How a cuppa could help mums in Africa

A Buxton woman who has witnessed first hand how a small charity is helping women in Sierra Leone is raising funds to support its work.

Patty Hoskin visited the African country twice last year to help the charity and now, with friends, is hosting a coffee morning, to support the day-to-day activities so that the essential work can continue.

The West Africa Fistula Foundation (WAFF) was set up to help women who suffer from constant, non-controllable leaking of urine.

The condition is due to a lack of obstetric and gynaecological care when pregnant women can spend between two and 15 days in labour.

Patty said: “Because of this awful condition the women affected are often ostracized by the communities that they live in and husbands, in many cases, abandon them to fend for themselves.”

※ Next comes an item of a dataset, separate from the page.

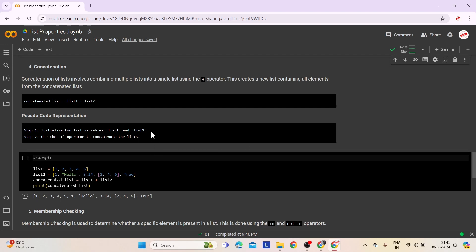Let's look at the pseudocode. Step 1: Initialize two list variables, list1 and list2, each containing elements. Step 2: Use the plus operator (addition operator) to concatenate the lists. The result will be a new list that includes all elements from list1 followed by all elements from list2, forming a single concatenated list.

The charity has set-up a specialist unit to provide not only badly needed surgical treatment, but also to train and support a local team to provide proper care and treatment.

She said: “While this is a terrible condition it is one that, with suitable resources, much can be done to alleviate the suffering and distress of the women affected.”

Women on the ‘Fistula’ ward at Bo Hospital, Sierra Leone typically stay from between six to nine months.

Local staff have created a full daily program, including basic literacy, to help the women so that after treatment they can re-enter their villages with dignity and good self-esteem.

The coffee morning is to be held at Fairfield Methodist Church, Fairfield Road, Buxton on Friday March 23 from 10am to 12 noon.

Easter gifts, pre-loved clothes, cakes and much more will be on sale.

Everyone is welcome to attend to see more about the vital work of WAFF. Entry is free.